#### [What you need to do]
Except for images, print the whole listing verbatim.

#### [Dataset content]
-=-=-

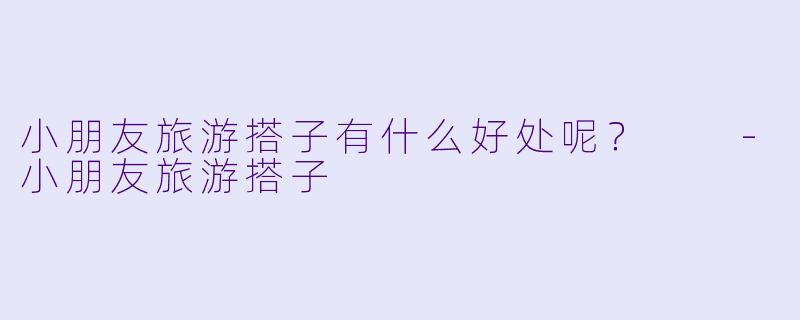 小朋友旅游搭子有什么好处呢？  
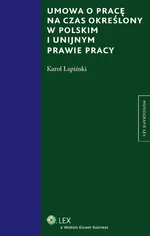 Umowa o pracę na czas określony w polskim i unijnym prawie pracy - Karol Łapiński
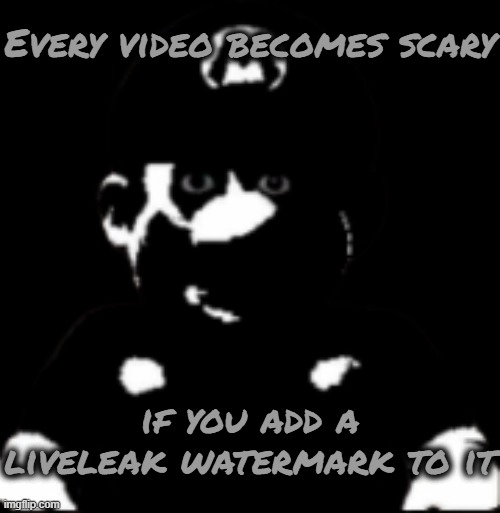staring scary mario | Every video becomes scary; if you add a liveleak watermark to it | image tagged in staring scary mario | made w/ Imgflip meme maker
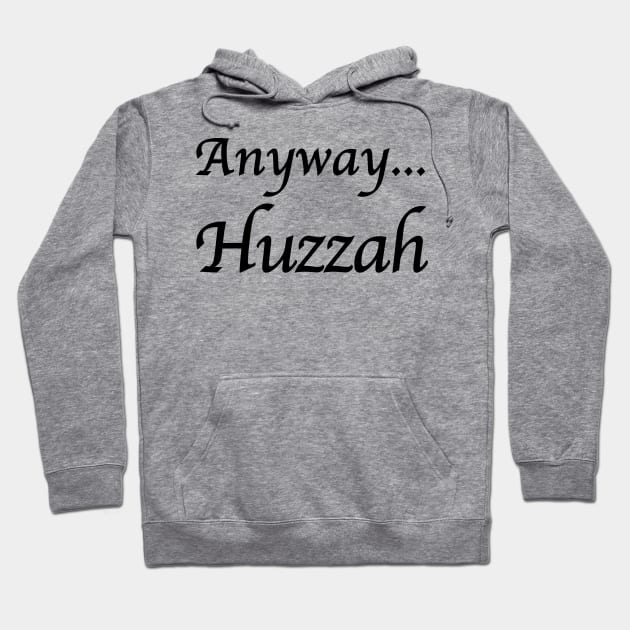 Anyway...Huzzah Hoodie by kapowtalk@gmail.com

-=-=-

#### [Solution for this exercise]
 小朋友旅游搭子有什么好处呢？  
 Umowa o pracę na czas określony w polskim i unijnym prawie pracy - Karol Łapiński
staring scary mario | Every video becomes scary; if you add a liveleak watermark to it | image tagged in staring scary mario | made w/ Imgflip meme maker
 Anyway...Huzzah Hoodie by kapowtalk@gmail.com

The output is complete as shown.